La délégation a rencontré le président de la République, celui de l’ARP et le Chef du gouvernement, ainsi que le président du patronat et plusieurs ministres et responsables de la sphère économique et financière.
Rappelons que la délégation était composée des responsables de huit institutions financières : AFD (France), BAD, BEI, BERD, Banque mondiale, FMI, FKW (Allemagne) et SFI.
Les décisions annoncées portent sur leur accord pour octroyer 5,5 milliards d’euros, soit près de 17 milliards de dinars sous forme de dons et de crédits, dont 2,5 milliards d’euros (7,7 milliards de dinars) pour les années 2018 et 2019. Trois autres milliards supplémentaires pourraient être consentis sous forme d’investissements.
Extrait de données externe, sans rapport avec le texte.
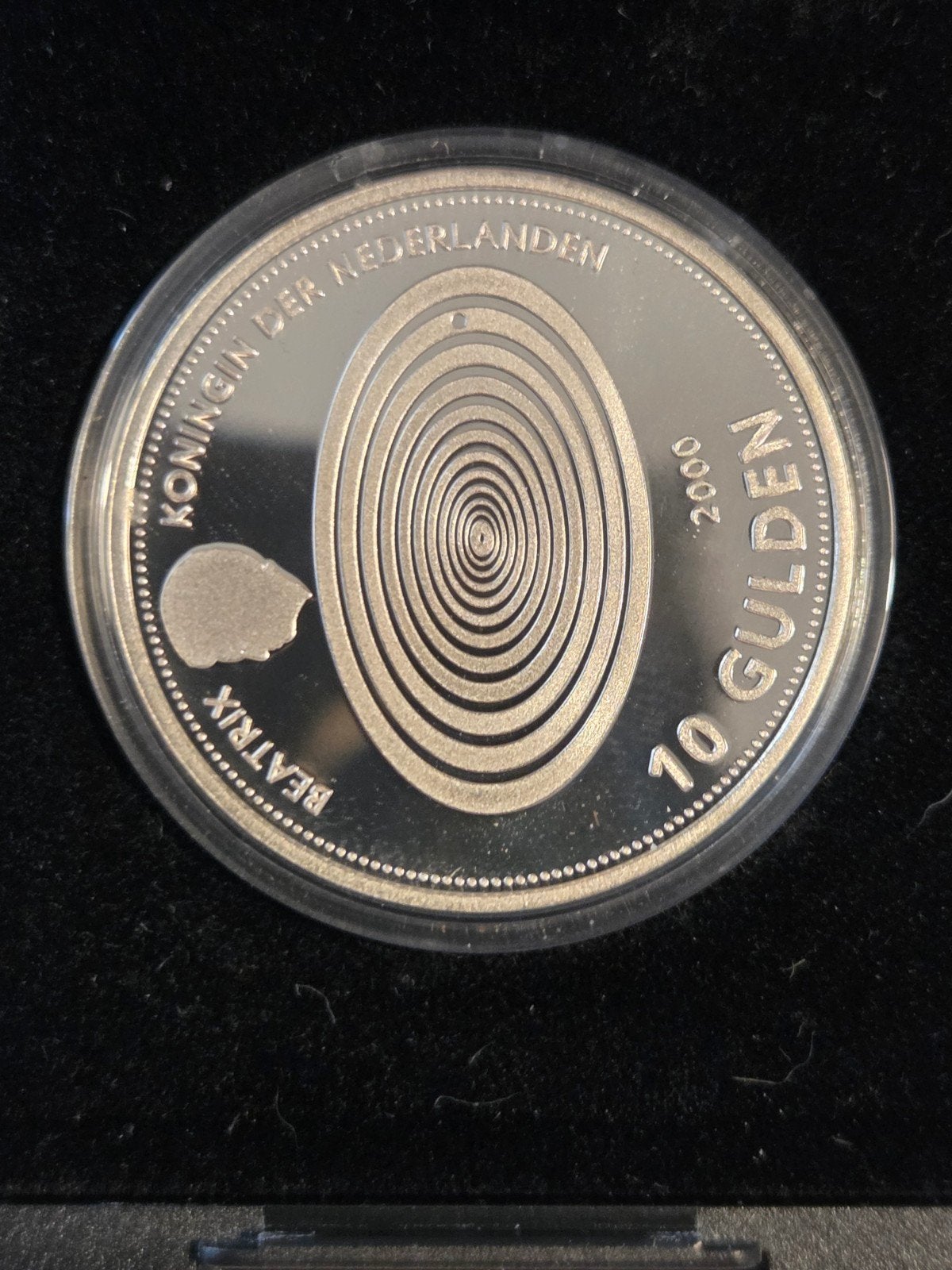 Zilveren 10 Gulden Millennium Munt 1999-2000 Proof, Postzegels en Munten, Munten | Nederland, Koningin Beatrix, Zilver, Ophalen of Verzenden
Le problème, c’est que notre Administration ne s’active pas toujours au rythme qui convient avec la volonté qui s’impose pour préparer les dossiers d’appels d’offres afin d’engager la réalisation des projets de développement et de mener les chantiers à terme conformément aux délais prévus.
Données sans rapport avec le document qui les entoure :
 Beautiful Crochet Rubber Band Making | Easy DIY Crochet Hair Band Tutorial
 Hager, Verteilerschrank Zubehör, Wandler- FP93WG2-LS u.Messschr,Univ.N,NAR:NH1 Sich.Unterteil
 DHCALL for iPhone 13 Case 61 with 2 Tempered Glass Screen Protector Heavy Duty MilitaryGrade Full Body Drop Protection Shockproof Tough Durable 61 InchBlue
Nos études techniques et économiques ne sont pas toujours prêtes pour mériter les financements extérieurs.
La BERD et la SFI (filiale BM pour le secteur privé) sont disposées à organiser à Tunis en septembre 2018 une conférence pour financer des projets à court terme sur la base du PPP.
Il s’agit certes d’un soutien de grande valeur, ferme et sans réserves, sans précédent, accordé non seulement par la Commission européenne et ses deux grandes banques de développement, mais aussi par les principales institutions financières internationales, y compris le FMI dont les analyses et les décisions servent de baromètre pour conditionner et justifier le comportement des grands argentiers du monde vis-à-vis de notre pays.
Ce soutien est arrivé “au bon moment”, celui du doute en nos propres capacités de relance et du manque de confiance de la part de l’UGTT dans un gouvernement qui déploie des efforts en matière de réformes mais doit en accélérer le rythme, qui commence à obtenir des résultats modestes et qui a besoin de stabilité et de temps pour “mieux faire”.
Il a pris un élan qui ne doit pas être brisé, car les gouvernements précédents n’ont fait que démériter sur tous les plans.
Il appartient à notre pouvoir exécutif avec ses deux têtes, de faire de l’appui ferme européen et international un gage de réussite et de succès pour la relance de l’investissement, l’accélération du rythme des réformes, les plus urgentes étant celles des entreprises publiques, des caisses sociales, et de la fiscalité qui devrait nous permettre d’assainir les finances publiques, mais aussi d’intensifier le taux de la croissance économique.